The Sipping Point
I am not a saver. I consistently “trash” emails, erase voicemails, purge files, toss papers and otherwise maintain a tidy environment. But I did keep the two-sided menu card from San Diego County Vintners Association’s 2013 Wine & Food Festival. At that time, the association had 39 members; it now has 63 — stretching as far north as Rainbow and as far south as Otay Mesa.
I had lived in San Diego less than five months when I attended the 2013 event and began learning about the local winemaking scene. Since then, I have explored the region’s viticulture and even helped plant vineyards on residential properties as one of Greg Maness’ volunteer crew. Greg has been a consultant for people who want to get into grape growing and last year opened a tasting room at his own Jamul vineyards: Casi Cielo Farm Wines.
On April 30, Maness Vineyards and Casi Cielo Farm Wines will be among 21 SDCVA members presenting the fruits of their labors at the 2017 Wine & Food Festival.
Reviewing the 2013 menu card, I note that I had the opportunity to try not only traditional, beloved varietals, but also the unusual: a Mourvedre/Primitivo blend from Old Coach Vineyards, a Nebbiolo/Sangiovese blend from Coyote Oaks Vineyards, a Tempranillo/Grenache blend from Witch Creek Winery, an Arneis from La Serenissima Winery, and a passion fruit and habañero wine from San Pasqual Winery.

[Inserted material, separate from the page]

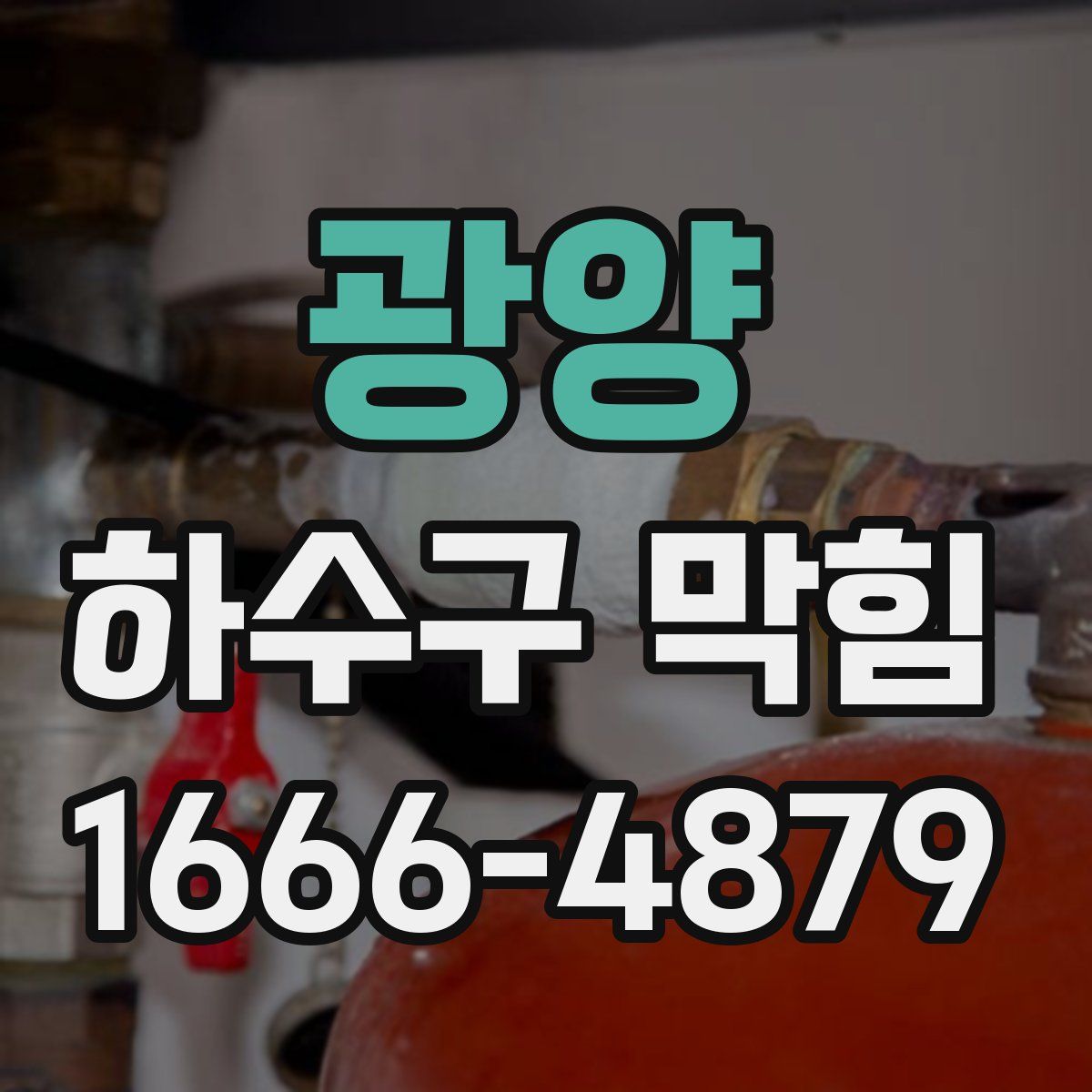 광양 하수구 막힘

Notes that I took while visiting with the winemakers indicate that Blue-Merle Winery made a blend of Grenache, Tempranillo, Petite Sirah and Carignane, called “Four Friends,” and Coyote Oak made a Nebbiolo/Sangiovese blend called “Sneaky Dog.”
One of the primary aspects of wine festivals that I love is the opportunity to try wines that I probably won’t happen across in a store — or be too wary of buying because I’m not sure I would appreciate a blend of two or more grape varieties that go beyond, say, the classics of Cabernet Sauvignon and Merlot or Grenache and Syrah or Marsanne and Rousanne (all of which, by the way, were options at the 2013 festival).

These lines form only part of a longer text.